La cithare vietnamienne (đàn tranh).

Cet instrument possède traditionnellement seize cordes, mais aujourd’hui, la plupart en ont dix-sept. Ce nombre peut monter jusqu’à vingt-quatre cordes sur certains instruments. Sa tessiture s'étend sur trois à quatre octaves selon le modèle.

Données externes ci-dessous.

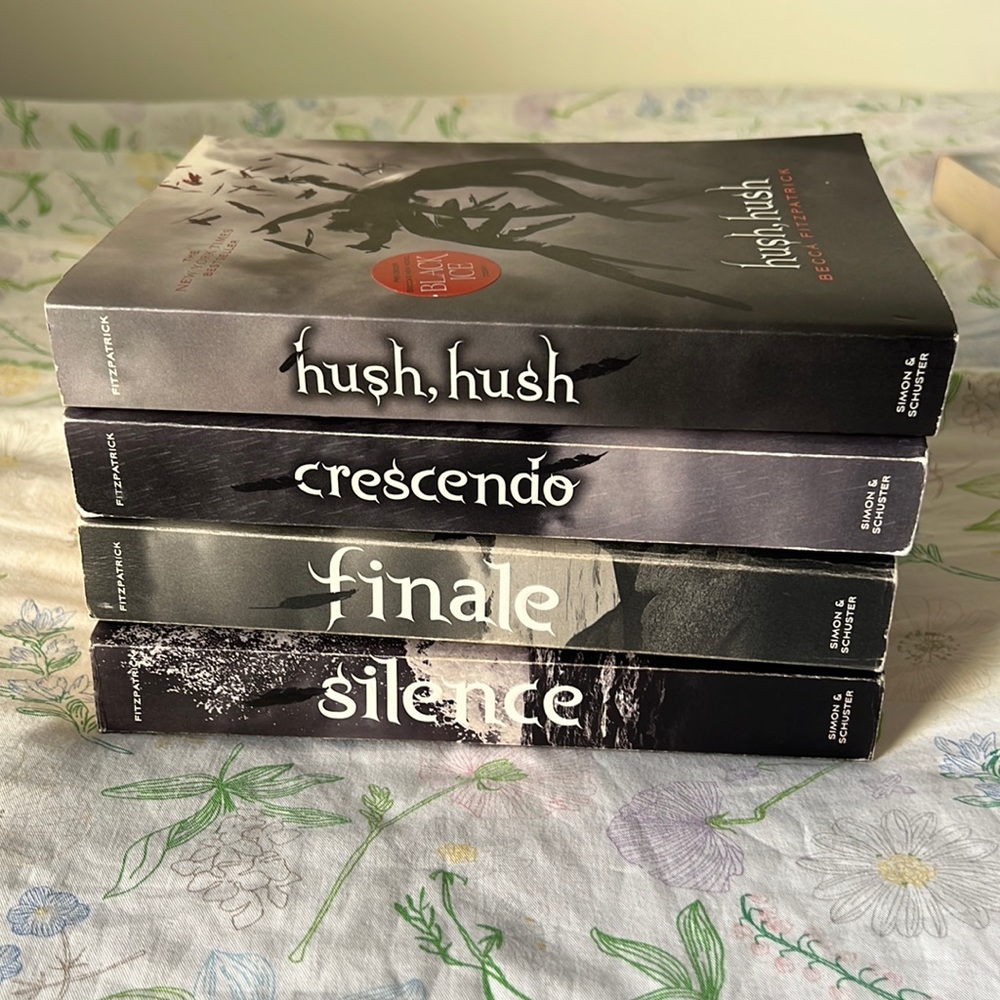 Hush Hush Book Series by Becca Fitzpatrick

	Tessiture de la cithare vietnamienne.

Tessiture de la cithare vietnamienne.

Les cordes sont suspendues sur des chevalets mobiles qui permettent au musicien d’accorder son instrument sur les notes de l’échelle pentatonique. De ce fait, les cordes sont divisées en deux parties, dont l'une sert à produire les notes, et l’autre à leur apporter des inflexions13. À l’aide des onglets (en écaille ou en acier), le musicien pince les cordes avec le pouce, l’index et le majeur de sa main droite, pendant qu’il produit des ornementations ou des vibratos avec sa main gauche14.

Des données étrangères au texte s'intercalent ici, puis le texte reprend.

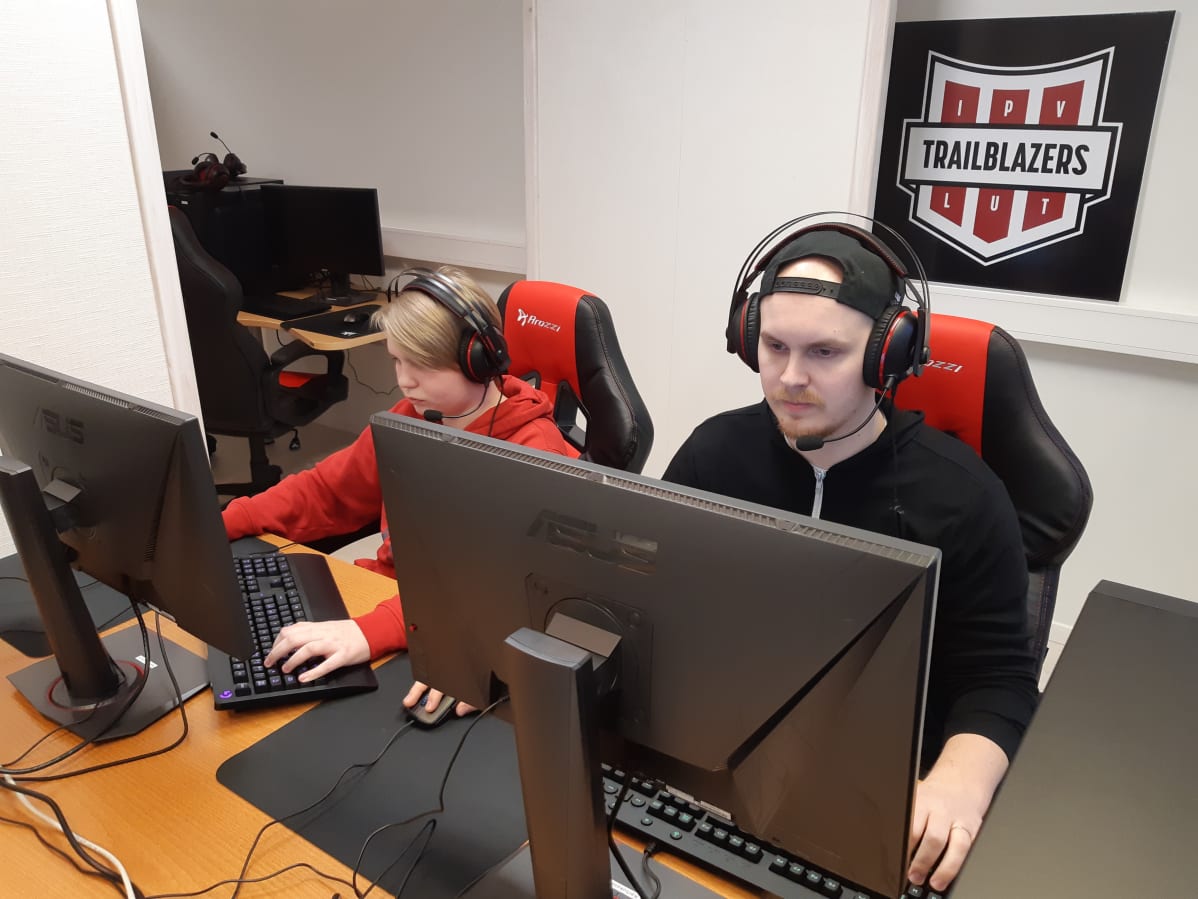 E-urheilukerhon harjoitukset Imatran kaupungintalolla.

Il existe plusieurs techniques pour générer ces inflexions : le musicien peut appuyer sur une corde en faisant glisser ses doigts sur elle, de façon directe ou plus étirée, ou appuyer sur une corde et la relâcher immédiatement après (comme une broderie), ou encore appuyer sur une corde pour produire un son tremblé (comme un vibrato)15.

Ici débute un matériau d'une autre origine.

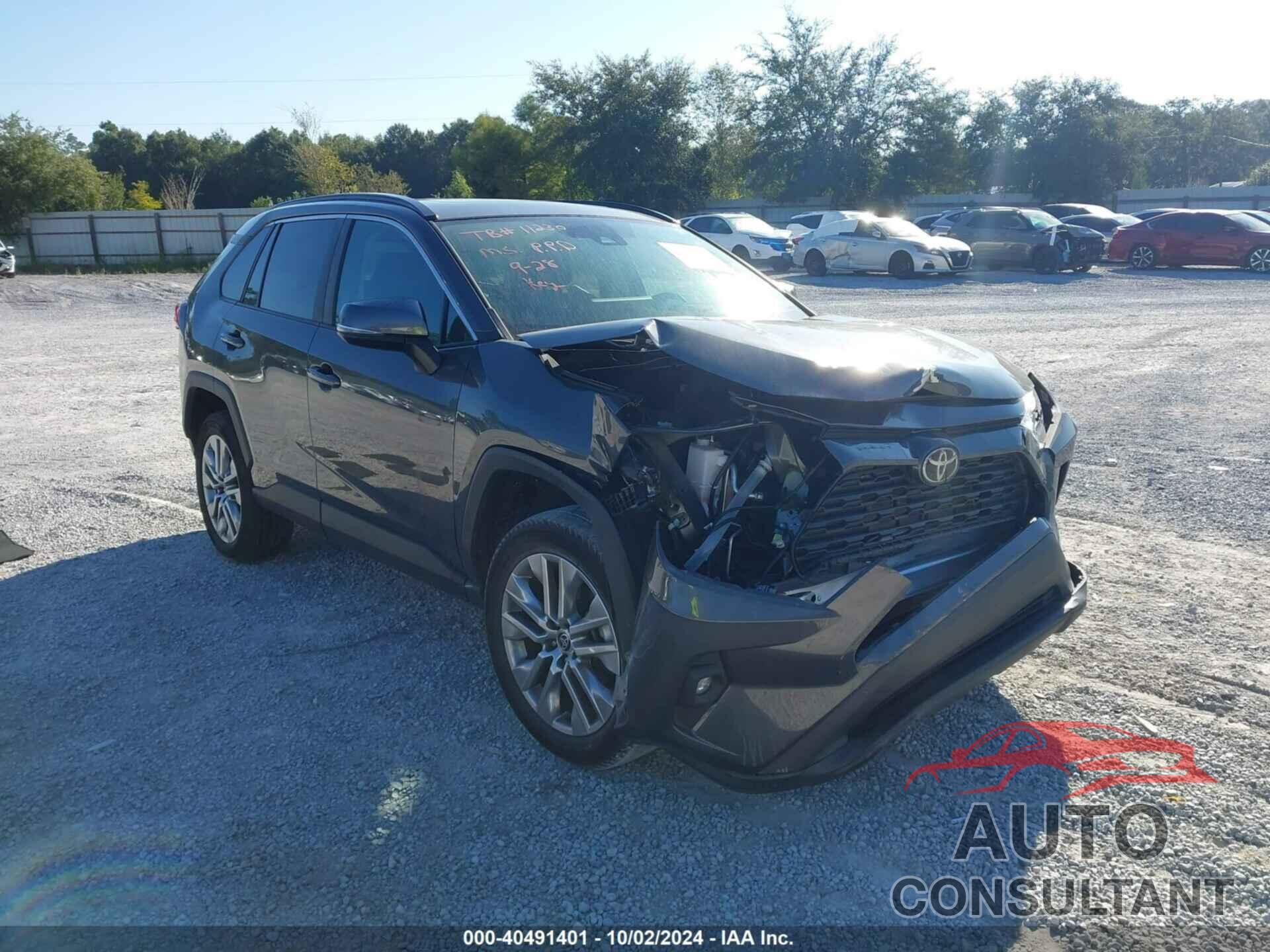 TOYOTA RAV4 2023 - 2T3C1RFV8PW243806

Bien que la cithare possède plusieurs cordes, cet instrument est avant tout monodique. Pour autant, bien que l’harmonie soit un concept occidental, la polyphonie est une idée partagée en Occident et en Orient.

 

Étude du langage musical

La polyphonie

Bien que la plupart des instruments traditionnels du Vietnam soient des instruments monodiques, le compositeur Nguyễn Thiên Đạo a toujours cherché à parvenir avec eux à une forme de polyphonie. Dans la même idée que les Sequenze de Luciano Berio, le compositeur vietnamien explore de nouvelles techniques de jeu pour chacun de ces instruments traditionnels, pour parvenir à une forme d’« augmentation instrumentale ». Il s'est ainsi heurté aux limites des instruments monodiques, qui l’ont poussé à repenser le rapport entre instrumentiste et instrument.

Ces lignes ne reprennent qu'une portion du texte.